08 September 2009 | Cape May New Jersey
Bob/ windy,cloudy, pending Noreaster
I loaded some pictures of Block Island but unfortunately my small digital camera just doesn't have the horsepower to convey the whole story. In one of the shots I tried to capture the dinghy dock crampacked with little gray inflatable dinghys; so tightly packed that boats were three deep from the dock and boaters had to climb from theirs over several others all-the-while trying to maintain a sense of dignity and control. These little boats are not that easy to get in and out and for a people watcher like me it was a hoot observing the various climbing styles. One of the manufacturers might want to use a shot like that as a promotion for these wonderfull little boats. Ours is nine feet with a hard fiberglass bottom. We have a 15 horsepower outboard and man does that little fellow fly. Many cruisers have inflatables with much smaller outboards and they go by putt-putting along and we go by in a flash. Kinda brings out the kid in me, good fun and incredibly useful for exploring or getting back home quickly.
I had checked the GRIB charts and could see another storm brewing in the central US heading for the east coast. It was looking like a classic three day noreaster and the wind charts looked ominous. So here we were once again wanting to do another long passage with the prospects of a significant wind producer waiting for us at the end. It adds stress knowing you need to make the passage and you have to get there before the storm. We did our homework, checking currents, wind direction and made our plans to get up Monday at 05:30 and leave Block Island for a straight shot to Cape May some 205 miles at 240 degrees. The forecast was for NE winds increasing to 15 - 20 with gusts to 25 by Tuesday afternoon or evening and then to 30 overnight. So the window was Monday morning to Tuesday afternoon.

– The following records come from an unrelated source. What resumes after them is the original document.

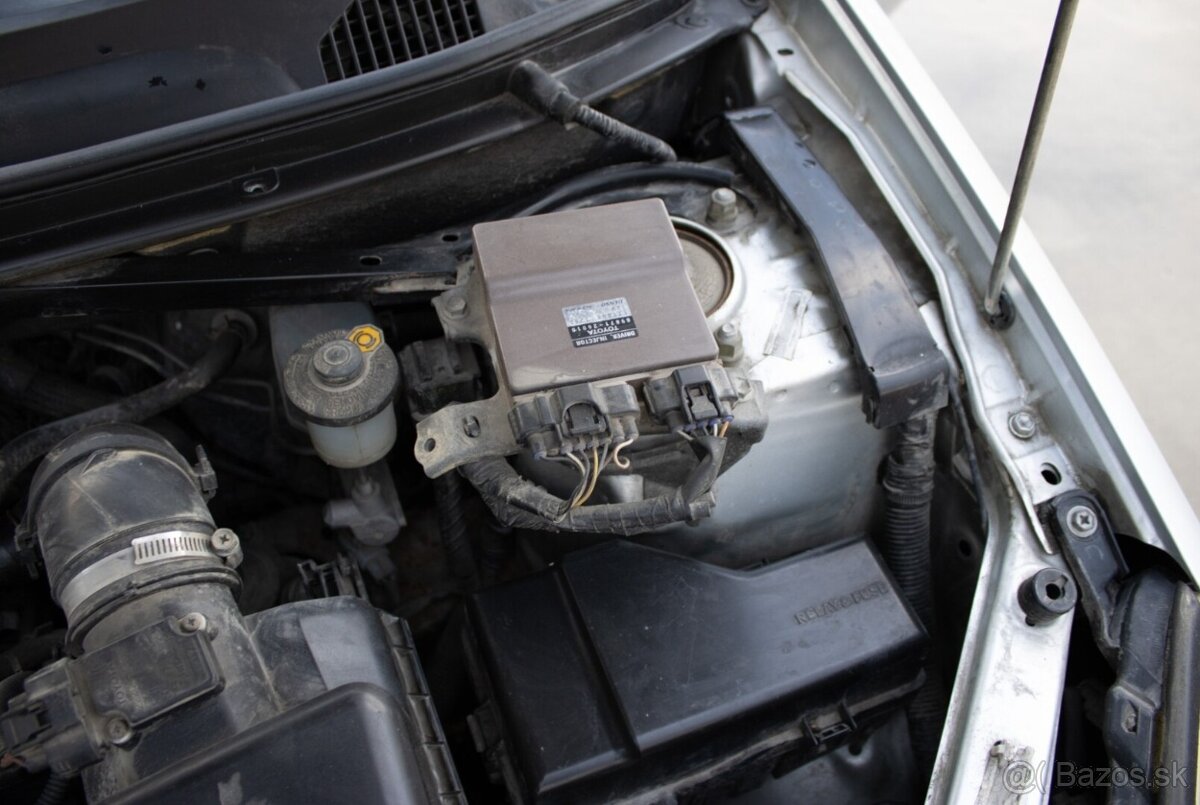 Toyota RAV4 2.0 D-4D - 20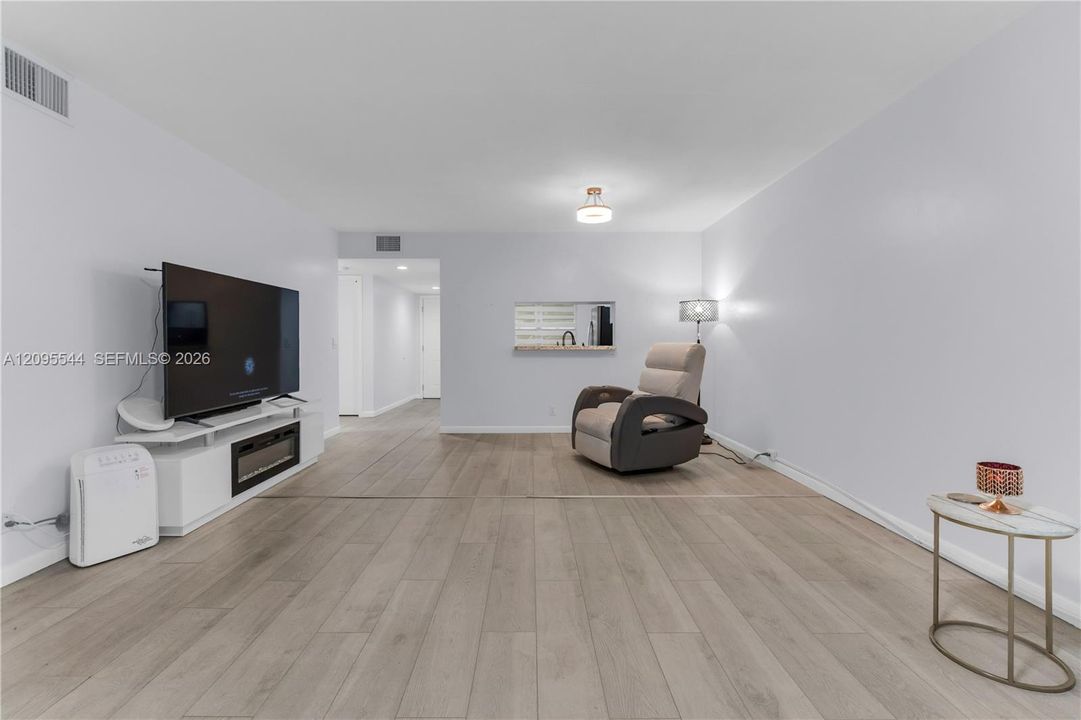En Venta: $215,000 (2 camas, 2 baños, 1192 Pies cuadrados)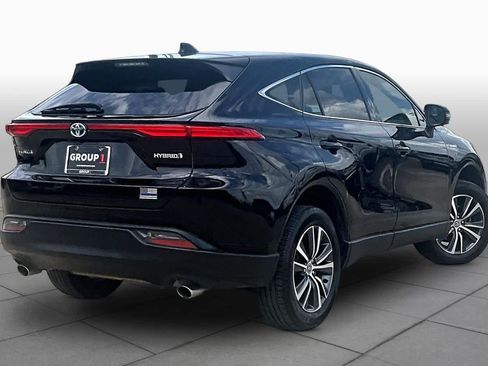 Used 2021 Toyota Venza LE AWD/4WD image 13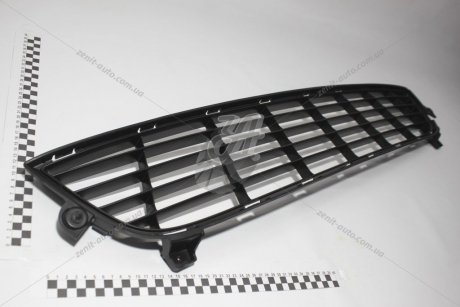 Решітка радіатора RENAULT 622547542R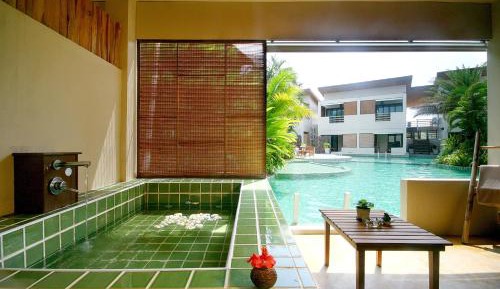 Double Room with Pool Access 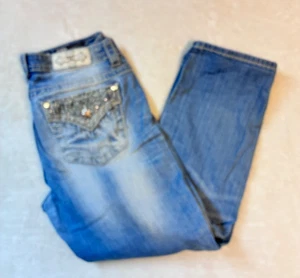Miss Me Mid-Rise Easy Crop Embellished Rolled Cuff Womens Size 31 (Actual 38x26) - Picture 1 of 11
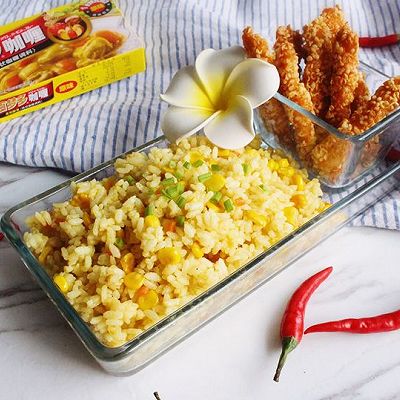 玉米咖喱炒饭配燕麦鸡柳
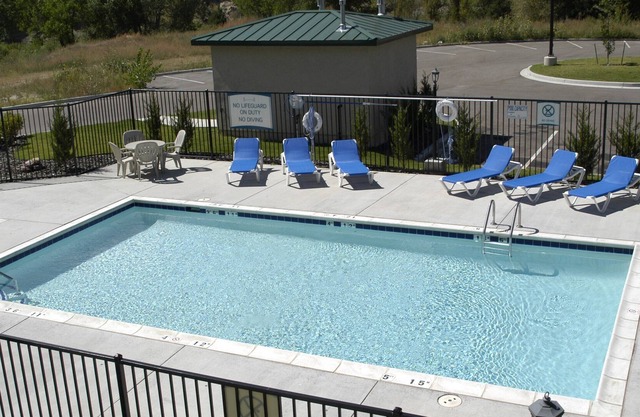 Equipped Suite with Seasonal Outdoor Pool Access! Housekeeping + Business Center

The course of 240 degrees took us across three different traffic lanes for New York. Once again our AIS unit was extremely helpful in a potential crossing situation with a 600 foot freighter. It was late Monday afternoon, I could see the ship on the chartplotter well before I could get a visual. I plotted the ships speed and course with ours and sure enough we would have a situation unless we altered course. Alice was steering and she suggested calling the ship and letting them know our plans. Great, the AIS gave us the ship's name, course and destination. I called, talked with someone on the bridge and let them know what the little sailboat off their starboard bow was about to do. They were surprised by my call and greatful that we were communicating. It worked out perfectly, they passed and we were back on course. Later that evening another crossing, this time all we could see were the oncoming lights, and sailors know that at night it is very difficult to judge distances and ship lights can be confusing. We thought the ship was proceeding on a course to cross our bow, the lights were very confusing and it was closing. I looked at the chartplotter and the AIS icon showed the ship passing behind us and with that knowledge the lights then made sense. No problemo, thank you AIS designers.
We arrived at the Cape May breakwater at noon Tuesday about three hours ahead of schedule, thank goodness. The wind was up to 15 - 20 and seas were 6 to 9 feet although it's tough to judge sea height from a 42 foot sailboat. They seemed big to me and tossed Lucky Bird around like a toy. I promised Alice a slip rather than anchoring and she is now preparing our first on-board pizza. Pizza ala Lucky Bird, pretty nice, don'tcha know!!